* EXTRACTED MATERIAL
------------------------------------

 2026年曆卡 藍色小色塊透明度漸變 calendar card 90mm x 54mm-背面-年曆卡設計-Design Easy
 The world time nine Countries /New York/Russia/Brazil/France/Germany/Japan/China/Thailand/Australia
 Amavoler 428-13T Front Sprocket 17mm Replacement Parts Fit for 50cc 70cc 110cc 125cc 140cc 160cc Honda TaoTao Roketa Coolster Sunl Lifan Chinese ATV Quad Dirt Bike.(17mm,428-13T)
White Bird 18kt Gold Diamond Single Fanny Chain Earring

------------------------------------

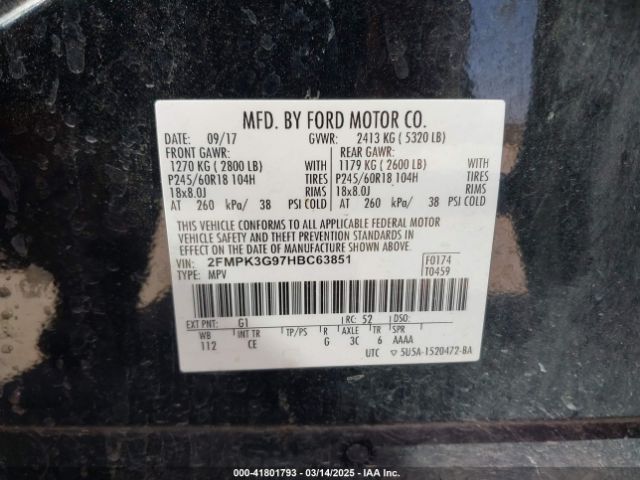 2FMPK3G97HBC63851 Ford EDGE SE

------------------------------------

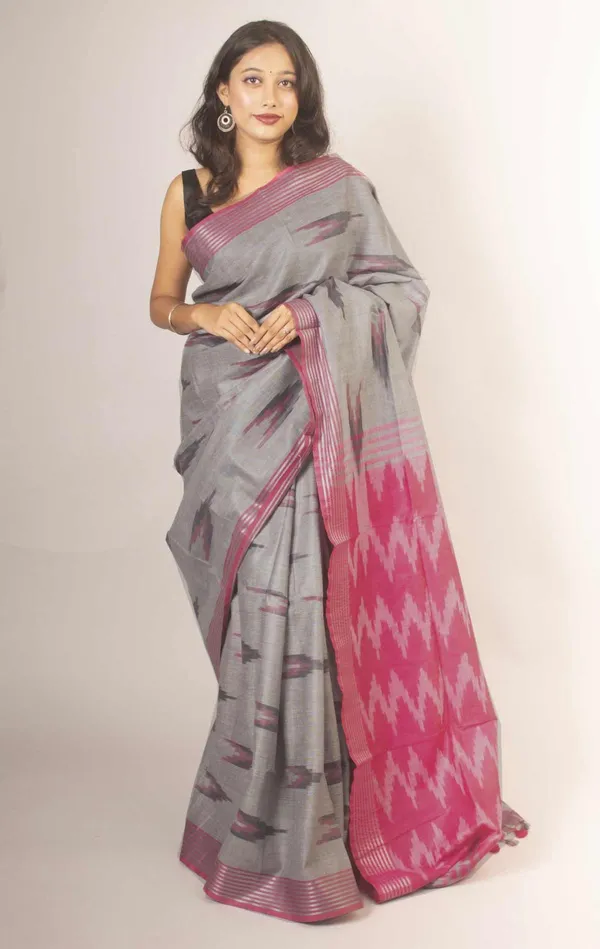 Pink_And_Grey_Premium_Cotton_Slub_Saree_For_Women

------------------------------------

* TASK OBJECTIVE
There is a run of lines above from the one with "2026年曆卡 藍色小色塊透明度漸變 calendar" to the one with "White Bird 18kt"; print exactly that run, both ends included, and nothing else.

* ANSWER TO THE EXERCISE
 2026年曆卡 藍色小色塊透明度漸變 calendar card 90mm x 54mm-背面-年曆卡設計-Design Easy
 The world time nine Countries /New York/Russia/Brazil/France/Germany/Japan/China/Thailand/Australia
 Amavoler 428-13T Front Sprocket 17mm Replacement Parts Fit for 50cc 70cc 110cc 125cc 140cc 160cc Honda TaoTao Roketa Coolster Sunl Lifan Chinese ATV Quad Dirt Bike.(17mm,428-13T)
White Bird 18kt Gold Diamond Single Fanny Chain Earring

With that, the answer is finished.